Start of RECORDED INFORMATION

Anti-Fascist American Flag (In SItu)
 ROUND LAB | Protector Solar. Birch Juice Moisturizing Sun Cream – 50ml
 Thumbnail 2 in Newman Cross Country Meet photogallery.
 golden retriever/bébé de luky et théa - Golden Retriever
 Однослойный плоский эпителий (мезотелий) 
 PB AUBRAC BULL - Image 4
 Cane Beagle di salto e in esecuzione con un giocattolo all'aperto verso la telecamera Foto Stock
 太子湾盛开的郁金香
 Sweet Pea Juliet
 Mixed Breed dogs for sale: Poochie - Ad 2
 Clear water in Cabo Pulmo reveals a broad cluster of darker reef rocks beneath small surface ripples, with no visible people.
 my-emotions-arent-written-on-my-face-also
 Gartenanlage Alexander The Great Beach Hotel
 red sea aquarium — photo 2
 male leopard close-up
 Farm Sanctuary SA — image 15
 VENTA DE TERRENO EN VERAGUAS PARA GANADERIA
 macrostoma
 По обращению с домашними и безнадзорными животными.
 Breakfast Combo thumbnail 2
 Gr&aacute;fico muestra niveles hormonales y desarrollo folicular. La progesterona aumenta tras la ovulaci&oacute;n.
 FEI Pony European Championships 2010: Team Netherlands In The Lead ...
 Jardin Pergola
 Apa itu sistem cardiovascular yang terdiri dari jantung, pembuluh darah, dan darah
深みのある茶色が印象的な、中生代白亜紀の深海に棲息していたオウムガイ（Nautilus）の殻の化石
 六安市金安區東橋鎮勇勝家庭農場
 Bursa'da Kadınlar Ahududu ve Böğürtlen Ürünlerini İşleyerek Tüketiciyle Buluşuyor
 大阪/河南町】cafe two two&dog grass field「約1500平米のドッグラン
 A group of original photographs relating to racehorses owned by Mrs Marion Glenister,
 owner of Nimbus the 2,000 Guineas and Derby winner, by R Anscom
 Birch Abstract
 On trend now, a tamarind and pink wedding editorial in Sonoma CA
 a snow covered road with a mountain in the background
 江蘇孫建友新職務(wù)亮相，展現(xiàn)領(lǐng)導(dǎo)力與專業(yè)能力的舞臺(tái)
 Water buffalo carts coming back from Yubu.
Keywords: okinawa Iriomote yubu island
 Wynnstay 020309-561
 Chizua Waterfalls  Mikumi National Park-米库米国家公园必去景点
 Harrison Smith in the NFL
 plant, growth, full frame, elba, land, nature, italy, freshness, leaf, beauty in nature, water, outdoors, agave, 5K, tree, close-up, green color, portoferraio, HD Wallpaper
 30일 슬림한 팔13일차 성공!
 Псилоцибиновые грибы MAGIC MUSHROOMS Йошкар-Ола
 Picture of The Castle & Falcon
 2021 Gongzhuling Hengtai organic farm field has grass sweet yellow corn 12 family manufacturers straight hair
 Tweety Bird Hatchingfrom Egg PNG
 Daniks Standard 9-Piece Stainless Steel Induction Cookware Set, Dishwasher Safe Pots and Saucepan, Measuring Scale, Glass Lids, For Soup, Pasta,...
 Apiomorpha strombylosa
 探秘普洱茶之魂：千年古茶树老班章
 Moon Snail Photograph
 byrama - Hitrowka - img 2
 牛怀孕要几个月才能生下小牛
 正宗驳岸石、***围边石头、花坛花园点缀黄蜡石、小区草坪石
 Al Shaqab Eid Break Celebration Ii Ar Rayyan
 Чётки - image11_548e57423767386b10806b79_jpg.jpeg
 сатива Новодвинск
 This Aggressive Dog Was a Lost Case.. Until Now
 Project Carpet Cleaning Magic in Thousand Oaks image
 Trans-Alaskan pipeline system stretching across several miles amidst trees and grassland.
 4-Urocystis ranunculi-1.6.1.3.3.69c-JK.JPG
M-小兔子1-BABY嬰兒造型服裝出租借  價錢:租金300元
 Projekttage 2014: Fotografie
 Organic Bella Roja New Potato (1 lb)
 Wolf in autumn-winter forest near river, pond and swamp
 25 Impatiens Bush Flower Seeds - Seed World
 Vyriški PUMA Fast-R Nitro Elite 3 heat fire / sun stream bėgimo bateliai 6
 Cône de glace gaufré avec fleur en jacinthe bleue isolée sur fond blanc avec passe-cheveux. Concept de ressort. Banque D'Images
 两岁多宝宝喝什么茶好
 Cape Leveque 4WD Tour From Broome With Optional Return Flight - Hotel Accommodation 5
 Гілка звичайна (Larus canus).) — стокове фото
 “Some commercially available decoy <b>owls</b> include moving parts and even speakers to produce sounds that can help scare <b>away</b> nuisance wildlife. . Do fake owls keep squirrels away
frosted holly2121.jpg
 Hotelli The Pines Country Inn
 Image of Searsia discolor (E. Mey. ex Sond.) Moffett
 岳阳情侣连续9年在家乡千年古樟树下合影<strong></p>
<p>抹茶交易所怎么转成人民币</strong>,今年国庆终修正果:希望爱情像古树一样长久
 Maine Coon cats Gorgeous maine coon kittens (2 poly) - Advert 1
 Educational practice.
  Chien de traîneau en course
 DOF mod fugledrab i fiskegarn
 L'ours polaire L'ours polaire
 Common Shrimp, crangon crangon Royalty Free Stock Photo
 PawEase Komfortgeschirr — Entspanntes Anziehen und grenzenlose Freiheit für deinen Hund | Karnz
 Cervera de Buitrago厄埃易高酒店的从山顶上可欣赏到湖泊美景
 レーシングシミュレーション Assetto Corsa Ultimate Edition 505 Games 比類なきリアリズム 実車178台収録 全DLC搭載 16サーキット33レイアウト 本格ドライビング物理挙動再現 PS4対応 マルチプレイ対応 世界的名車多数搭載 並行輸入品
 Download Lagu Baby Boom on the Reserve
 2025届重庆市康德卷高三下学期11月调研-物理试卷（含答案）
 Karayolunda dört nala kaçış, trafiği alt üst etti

End of RECORDED INFORMATION

ABOUT THIS TASK | Exactly as written, give the records again.

REPLY |
Anti-Fascist American Flag (In SItu)
 ROUND LAB | Protector Solar. Birch Juice Moisturizing Sun Cream – 50ml
 Thumbnail 2 in Newman Cross Country Meet photogallery.
 golden retriever/bébé de luky et théa - Golden Retriever
 Однослойный плоский эпителий (мезотелий) 
 PB AUBRAC BULL - Image 4
 Cane Beagle di salto e in esecuzione con un giocattolo all'aperto verso la telecamera Foto Stock
 太子湾盛开的郁金香
 Sweet Pea Juliet
 Mixed Breed dogs for sale: Poochie - Ad 2
 Clear water in Cabo Pulmo reveals a broad cluster of darker reef rocks beneath small surface ripples, with no visible people.
 my-emotions-arent-written-on-my-face-also
 Gartenanlage Alexander The Great Beach Hotel
 red sea aquarium — photo 2
 male leopard close-up
 Farm Sanctuary SA — image 15
 VENTA DE TERRENO EN VERAGUAS PARA GANADERIA
 macrostoma
 По обращению с домашними и безнадзорными животными.
 Breakfast Combo thumbnail 2
 Gr&aacute;fico muestra niveles hormonales y desarrollo folicular. La progesterona aumenta tras la ovulaci&oacute;n.
 FEI Pony European Championships 2010: Team Netherlands In The Lead ...
 Jardin Pergola
 Apa itu sistem cardiovascular yang terdiri dari jantung, pembuluh darah, dan darah
深みのある茶色が印象的な、中生代白亜紀の深海に棲息していたオウムガイ（Nautilus）の殻の化石
 六安市金安區東橋鎮勇勝家庭農場
 Bursa'da Kadınlar Ahududu ve Böğürtlen Ürünlerini İşleyerek Tüketiciyle Buluşuyor
 大阪/河南町】cafe two two&dog grass field「約1500平米のドッグラン
 A group of original photographs relating to racehorses owned by Mrs Marion Glenister,
 owner of Nimbus the 2,000 Guineas and Derby winner, by R Anscom
 Birch Abstract
 On trend now, a tamarind and pink wedding editorial in Sonoma CA
 a snow covered road with a mountain in the background
 江蘇孫建友新職務(wù)亮相，展現(xiàn)領(lǐng)導(dǎo)力與專業(yè)能力的舞臺(tái)
 Water buffalo carts coming back from Yubu.
Keywords: okinawa Iriomote yubu island
 Wynnstay 020309-561
 Chizua Waterfalls  Mikumi National Park-米库米国家公园必去景点
 Harrison Smith in the NFL
 plant, growth, full frame, elba, land, nature, italy, freshness, leaf, beauty in nature, water, outdoors, agave, 5K, tree, close-up, green color, portoferraio, HD Wallpaper
 30일 슬림한 팔13일차 성공!
 Псилоцибиновые грибы MAGIC MUSHROOMS Йошкар-Ола
 Picture of The Castle & Falcon
 2021 Gongzhuling Hengtai organic farm field has grass sweet yellow corn 12 family manufacturers straight hair
 Tweety Bird Hatchingfrom Egg PNG
 Daniks Standard 9-Piece Stainless Steel Induction Cookware Set, Dishwasher Safe Pots and Saucepan, Measuring Scale, Glass Lids, For Soup, Pasta,...
 Apiomorpha strombylosa
 探秘普洱茶之魂：千年古茶树老班章
 Moon Snail Photograph
 byrama - Hitrowka - img 2
 牛怀孕要几个月才能生下小牛
 正宗驳岸石、***围边石头、花坛花园点缀黄蜡石、小区草坪石
 Al Shaqab Eid Break Celebration Ii Ar Rayyan
 Чётки - image11_548e57423767386b10806b79_jpg.jpeg
 сатива Новодвинск
 This Aggressive Dog Was a Lost Case.. Until Now
 Project Carpet Cleaning Magic in Thousand Oaks image
 Trans-Alaskan pipeline system stretching across several miles amidst trees and grassland.
 4-Urocystis ranunculi-1.6.1.3.3.69c-JK.JPG
M-小兔子1-BABY嬰兒造型服裝出租借  價錢:租金300元
 Projekttage 2014: Fotografie
 Organic Bella Roja New Potato (1 lb)
 Wolf in autumn-winter forest near river, pond and swamp
 25 Impatiens Bush Flower Seeds - Seed World
 Vyriški PUMA Fast-R Nitro Elite 3 heat fire / sun stream bėgimo bateliai 6
 Cône de glace gaufré avec fleur en jacinthe bleue isolée sur fond blanc avec passe-cheveux. Concept de ressort. Banque D'Images
 两岁多宝宝喝什么茶好
 Cape Leveque 4WD Tour From Broome With Optional Return Flight - Hotel Accommodation 5
 Гілка звичайна (Larus canus).) — стокове фото
 “Some commercially available decoy <b>owls</b> include moving parts and even speakers to produce sounds that can help scare <b>away</b> nuisance wildlife. . Do fake owls keep squirrels away
frosted holly2121.jpg
 Hotelli The Pines Country Inn
 Image of Searsia discolor (E. Mey. ex Sond.) Moffett
 岳阳情侣连续9年在家乡千年古樟树下合影<strong></p>
<p>抹茶交易所怎么转成人民币</strong>,今年国庆终修正果:希望爱情像古树一样长久
 Maine Coon cats Gorgeous maine coon kittens (2 poly) - Advert 1
 Educational practice.
  Chien de traîneau en course
 DOF mod fugledrab i fiskegarn
 L'ours polaire L'ours polaire
 Common Shrimp, crangon crangon Royalty Free Stock Photo
 PawEase Komfortgeschirr — Entspanntes Anziehen und grenzenlose Freiheit für deinen Hund | Karnz
 Cervera de Buitrago厄埃易高酒店的从山顶上可欣赏到湖泊美景
 レーシングシミュレーション Assetto Corsa Ultimate Edition 505 Games 比類なきリアリズム 実車178台収録 全DLC搭載 16サーキット33レイアウト 本格ドライビング物理挙動再現 PS4対応 マルチプレイ対応 世界的名車多数搭載 並行輸入品
 Download Lagu Baby Boom on the Reserve
 2025届重庆市康德卷高三下学期11月调研-物理试卷（含答案）
 Karayolunda dört nala kaçış, trafiği alt üst etti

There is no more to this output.